Linear Relationship Test
1. **State the problem:** We want to test if there is evidence of a linear relationship between starting salary and GPA at the 0.01 significance level.
2. **Hypotheses:**
- Null hypothesis ($H_0$): There is no linear relationship between GPA and starting salary ($\rho = 0$).
- Alternative hypothesis ($H_a$): There is a linear relationship ($\rho \neq 0$).

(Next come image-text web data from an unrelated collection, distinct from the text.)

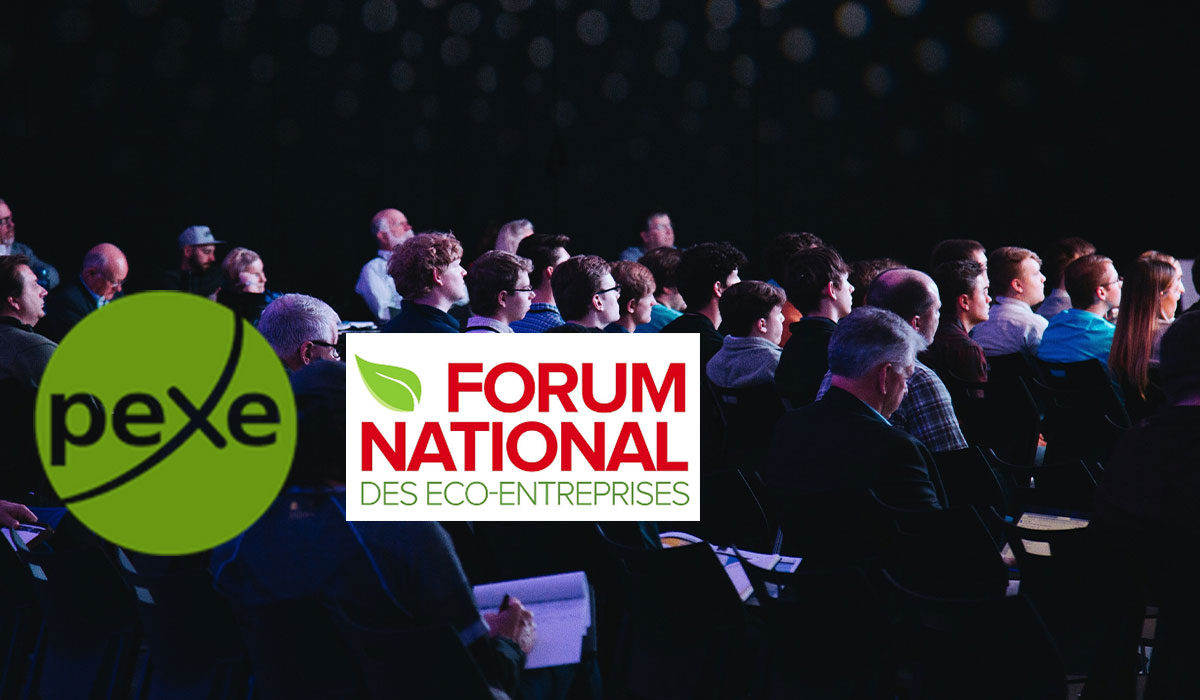 Forum national des éco-entreprises  2023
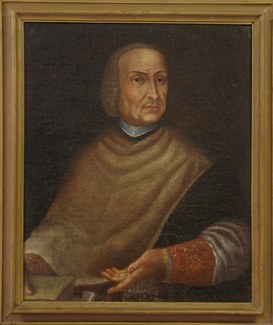 Anonimo, "Giuseppe Monti", XVIII sec.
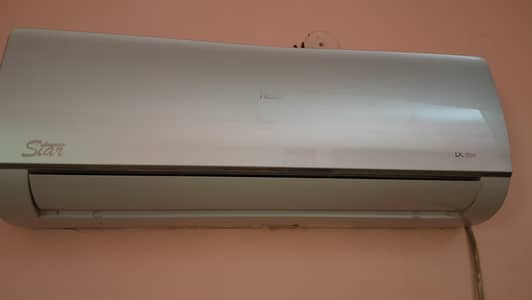 New AC LESS USE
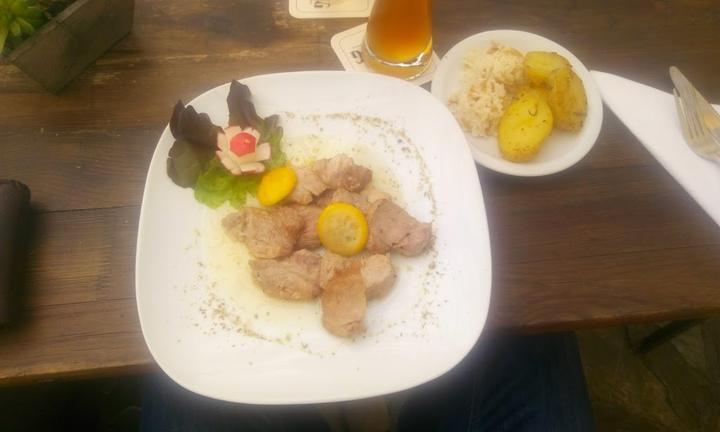 Restaurant Meandros zum Clubhaus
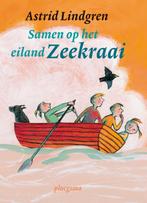 Samen Op Het Eiland Zeekraai 9789021666150 Astrid Lindgren, Gelezen, Astrid Lindgren, Rita TÖRnqvist-Verschuur, Verzenden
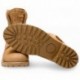 BOTTES BASSES PANAMA JACK PANAMA03IGLOOW MARRON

3. **Formula and test:** We use the Pearson correlation coefficient $r$ to measure linear association and perform a hypothesis test using the test statistic:
$$ t = \frac{r\sqrt{n-2}}{\sqrt{1-r^2}} $$
where $n$ is the number of data points.
4. **Calculate $r$:** Using the data,
- GPA: $[2.3,3.9,3.2,3.5,3.8,2.5,3.3,3.9,2.2,2.8]$
- Salary: $[44.1,33.8,42.6,28.4,34.3,31.3,40.8,41.2,26.2,28.9]$
Calculate means:
$$ \bar{x} = 3.14, \quad \bar{y} = 35.16 $$
Calculate covariance and variances, then
$$ r \approx -0.58 $$
5. **Calculate test statistic:**
$$ n=10 $$
$$ t = \frac{-0.58 \times \sqrt{8}}{\sqrt{1-(-0.58)^2}} \approx -2.22 $$
6. **Determine critical value:** For $\alpha=0.01$ and $df=8$, two-tailed critical $t$ is approximately $\pm 3.355$.
7. **Decision:** Since $|t|=2.22 < 3.355$, we fail to reject $H_0$.
8. **Conclusion:** There is not sufficient evidence at the 0.01 level to conclude a linear relationship between GPA and starting salary.
**Final answer:** We fail to reject the null hypothesis. There is not, at the 0.01 level of significance, sufficient evidence of a linear relationship between starting salary and GPA.